In February 2010, Dr Katarzyna Gromek-Broc gave a lecture on 'Legal Responses to Exploitative Labour Practices in the UK and in Europe: A Critical Assessment' in the Royal Flemish Academy for Arts and Sciences. The event was organised in collaboration with L'Université Libre de Bruxelles and forms part of an ongoing research project into ‘Modern Forms of Slavery’. In November 2009, Dr Gromek-Broc spoke at the Wilberforce Institute for Slavery and Emancipation about ‘Women in the UK Labour Market’.
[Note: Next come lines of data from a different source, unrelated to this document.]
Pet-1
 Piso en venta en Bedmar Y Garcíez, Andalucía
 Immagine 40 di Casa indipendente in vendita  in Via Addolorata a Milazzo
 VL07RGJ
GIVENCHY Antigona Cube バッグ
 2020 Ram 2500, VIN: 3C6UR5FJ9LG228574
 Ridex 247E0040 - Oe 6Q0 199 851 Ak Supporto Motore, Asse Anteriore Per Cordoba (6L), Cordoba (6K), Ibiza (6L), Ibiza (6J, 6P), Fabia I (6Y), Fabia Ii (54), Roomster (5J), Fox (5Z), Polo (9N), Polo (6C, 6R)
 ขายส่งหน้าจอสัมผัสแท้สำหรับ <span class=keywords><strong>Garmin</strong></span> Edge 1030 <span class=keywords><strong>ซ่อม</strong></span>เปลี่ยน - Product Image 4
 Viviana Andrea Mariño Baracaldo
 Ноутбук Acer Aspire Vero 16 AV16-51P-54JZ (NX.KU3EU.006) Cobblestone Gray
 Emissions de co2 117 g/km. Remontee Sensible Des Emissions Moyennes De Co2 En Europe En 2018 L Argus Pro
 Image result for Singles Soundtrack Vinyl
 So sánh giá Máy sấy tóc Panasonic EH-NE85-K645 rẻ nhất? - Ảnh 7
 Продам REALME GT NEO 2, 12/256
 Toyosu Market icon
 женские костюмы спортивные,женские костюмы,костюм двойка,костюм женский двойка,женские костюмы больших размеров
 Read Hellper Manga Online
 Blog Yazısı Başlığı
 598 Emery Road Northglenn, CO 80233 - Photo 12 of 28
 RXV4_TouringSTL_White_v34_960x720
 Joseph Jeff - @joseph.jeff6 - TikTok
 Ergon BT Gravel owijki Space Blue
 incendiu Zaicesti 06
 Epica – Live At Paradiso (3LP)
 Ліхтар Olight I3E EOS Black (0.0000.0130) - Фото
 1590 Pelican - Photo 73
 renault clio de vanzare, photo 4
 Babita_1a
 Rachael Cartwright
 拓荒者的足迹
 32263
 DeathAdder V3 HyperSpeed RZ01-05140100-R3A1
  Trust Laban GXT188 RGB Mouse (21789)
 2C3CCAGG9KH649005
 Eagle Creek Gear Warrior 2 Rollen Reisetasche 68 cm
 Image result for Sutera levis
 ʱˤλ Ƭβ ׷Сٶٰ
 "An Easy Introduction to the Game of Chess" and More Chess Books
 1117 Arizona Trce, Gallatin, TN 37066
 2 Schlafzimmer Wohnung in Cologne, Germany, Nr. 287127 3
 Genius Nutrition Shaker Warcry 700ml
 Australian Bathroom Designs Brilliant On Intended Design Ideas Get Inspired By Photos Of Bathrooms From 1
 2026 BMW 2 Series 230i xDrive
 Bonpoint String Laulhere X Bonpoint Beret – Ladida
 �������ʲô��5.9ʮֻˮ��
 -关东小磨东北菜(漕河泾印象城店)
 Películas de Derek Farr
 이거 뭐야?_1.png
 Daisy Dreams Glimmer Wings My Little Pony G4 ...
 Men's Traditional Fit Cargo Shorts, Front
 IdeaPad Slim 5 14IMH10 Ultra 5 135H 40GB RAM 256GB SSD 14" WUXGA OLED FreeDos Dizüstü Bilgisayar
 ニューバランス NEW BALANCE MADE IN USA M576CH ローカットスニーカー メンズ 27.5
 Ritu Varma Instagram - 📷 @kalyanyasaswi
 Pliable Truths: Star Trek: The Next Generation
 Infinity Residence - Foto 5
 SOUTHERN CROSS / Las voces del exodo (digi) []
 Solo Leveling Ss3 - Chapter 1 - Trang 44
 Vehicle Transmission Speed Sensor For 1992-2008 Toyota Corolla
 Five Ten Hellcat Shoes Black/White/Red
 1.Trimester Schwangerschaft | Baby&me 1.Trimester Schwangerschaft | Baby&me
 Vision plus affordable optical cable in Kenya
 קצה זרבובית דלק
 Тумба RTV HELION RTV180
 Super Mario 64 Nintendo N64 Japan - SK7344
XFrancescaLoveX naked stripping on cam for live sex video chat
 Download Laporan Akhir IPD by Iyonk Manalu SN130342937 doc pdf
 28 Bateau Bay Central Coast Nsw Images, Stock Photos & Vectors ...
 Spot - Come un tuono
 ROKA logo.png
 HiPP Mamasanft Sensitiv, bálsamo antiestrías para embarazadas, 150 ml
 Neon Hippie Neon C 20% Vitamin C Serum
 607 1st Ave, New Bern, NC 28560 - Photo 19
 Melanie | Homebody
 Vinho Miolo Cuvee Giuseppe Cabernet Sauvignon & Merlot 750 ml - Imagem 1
Professor Caroline Hunter has received funding from the University of York pump priming fund to develop her work on abuse of mothers by their teenage children. The funding will be used to interview family, social work and criminal justice professionals who may encounter families where such abuse is occurring. The research is being developed with Judy Nixon and Sadie Parr at Sheffield Hallam University. Hallam has provided funding for an academic symposium on March 25 and 26, 2010 which they are jointly organising.

Dr Sarah Wilson is currently engaged in archival research at the Bank of England, supporting two projects funded by the University of York’s pump-priming funds. First, a project seeking to explore the role of banking scandals in forging societal conceptions of and responses to what is termed “business crime” or “financial crime” has been funded from Departmental, devolved pump-priming funds. Second, a larger project entitled “Regulation, responsibility and remuneration: social norms and the significance of nineteenth-century responses to “socially useless” banking practices for current reflections on bankers’ pay and re-orientations towards responsible risk-taking” is being undertaken with the support of the university’s central pump-priming funds.

Professor Jenny Steele was a speaker at the SLS Centenary Seminar (Judges and Jurists: Reflections on the House of Lords) in London, 5-6 November 2009, organised by James Lee of the Law School, University of Birmingham. SLS Centenary Seminar November 2009

Jenny’s paper, ‘(Dis)owning the Convention in the Law of Tort’ will be published as part of a collection edited by James Lee, From House of Lords to Supreme Court: Judges, Jurists and the Process of Judging (Oxford: Hart Publishing, forthcoming, 2010). (http://www.hartpub.co.uk/books/details.asp?isbn=9781849460811)

Other developments in research

On July 8 2009, 18 academics from a range of British and European law schools gathered at a seminar in the York Law School to discuss the use of empirical legal research in the undergraduate curriculum. The seminar was funded by the Nuffield Foundation and led by Professor Caroline Hunter. The report from the research is now available at http://www.lersnet.ac.uk/?p=78 and Caroline presented a paper based on the report at the Learning In Law Annual Conference at Warwick University in January 2010.

A North East Regional Obligations Group (NEROG) had its first meeting at York in September 2009, and its second at Durham on 8 January 2010. NEROG has contributors from the Universities of York, Hull, Newcastle, Durham, Northumbria, Sheffield, and Sheffield Hallam, the next meeting of the group will be at Hull in July.

Professor Jenny Steele joined the editorial team of Clerk and Lindsell on Torts in 2009, and is the editor of four chapters of the 20 th edition, which will be published in 2010. A second edition of Jenny’s Tort Law: Text, Cases and Materials is published in April 2010.

The new Law and Management Building is in the final stages of development and appears to be on target for opening in August 2010.